4.6 Article

ACEF score adapted to ST-elevation myocardial infarction patients: The ACEF-STEMI score

期刊

INTERNATIONAL JOURNAL OF CARDIOLOGY
卷 264, 期 -, 页码 18-24

出版社

ELSEVIER IRELAND LTD
DOI: 10.1016/j.ijcard.2018.04.017

关键词

ST-elevation myocardial infarction; ACEF score; Risk stratification; Cardiac magnetic resonance imaging

资金

  1. Austrian Society of Cardiology
  2. Tiroler Wissenschaftsfonds
  3. intramural funding program of the Medical University Innsbruck for young scientists MUI-START [2015-06-013]

向作者/读者索取更多资源

Background: The age, creatinine and ejection fraction (ACEF) score has originally been developed for risk stratification of patients undergoing elective cardiac surgery. In patients with stable coronary artery disease treated by percutaneous coronary intervention (PCI), the prognostic accuracy of ACEF could be further improved by modifying the original scoring system (called modified ACEF or ACEF-MDRD). We aimed to specifically adapt the ACEF score for risk assessment of ST-elevation myocardial infarction (STEMI) patients.
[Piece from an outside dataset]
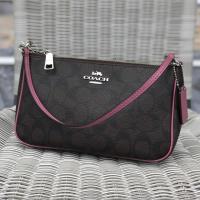 ราคา พอซขอบม่วง #MESSICO TOP HANDLE POUCH IN SIGNATURE COACH #F58321 #มี (1233075010)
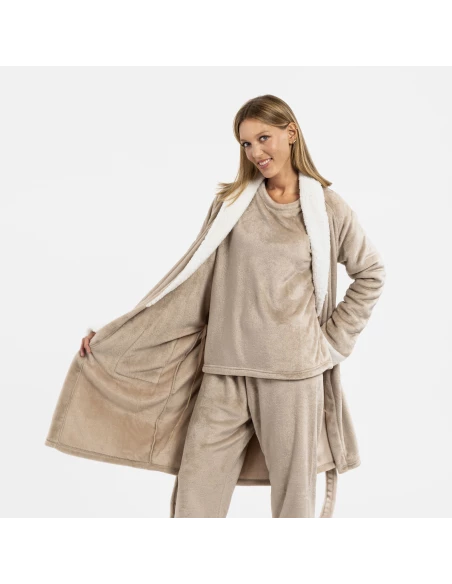 Bata terciopelo sherpa lisa Bata terciopelo sherpa lisa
Methods: In this observational study, 390 STEMI patients undergoing primary PCI were included. Clinical endpoint was the occurrence of major adverse cardiovascular events (MACE) comprising all-cause mortality, non-fatal re-infarction, stroke and new congestive heart failure. Results: Original ACEF (area under the curve (AUC): 0.63 [95% CI: 0.53-0.73]; p = 0.01) and ACEF-MDRD score (AUC: 0.62 [95% CI: 0.53-0.72]; p = 0.01) significantly but weakly predicted MACE (n = 41, 11%). The addition of creatinine > 2 mg/dl (as suggested in original ACEF, p = 0.32) or eGFR steps as proposed in ACEF-MDRD (p = 0.17) to age/EF ratio were not associated with net reclassification improvements (NRI), but Delta eGRF (>10 ml/min/1.73 m(2) decrease within three days after PCI) led to an NRI of 0.29 (95% CI: 0.14-0.45; p < 0.001). Replacement of cross-sectional renal assessment by Delta eGRF and addition of 3 clinical parameters (diabetes, anterior infarct location and C-reactive protein), forming the new ACEF-STEMI score, led to a significant improvement in MACE prediction (AUC: 0.75 [95% CI: 0.66-0.84]) as compared to original ACEF or ACEF-MDRD (both p = 0.03). Conclusions: In STEMI patients undergoing primary PCI, the novel ACEF-STEMI score provided strong prognostic value and superior discriminative ability as compared to the previously described original ACEF or ACEF-MDRD scores. (C) 2018 Elsevier B.V. All rights reserved.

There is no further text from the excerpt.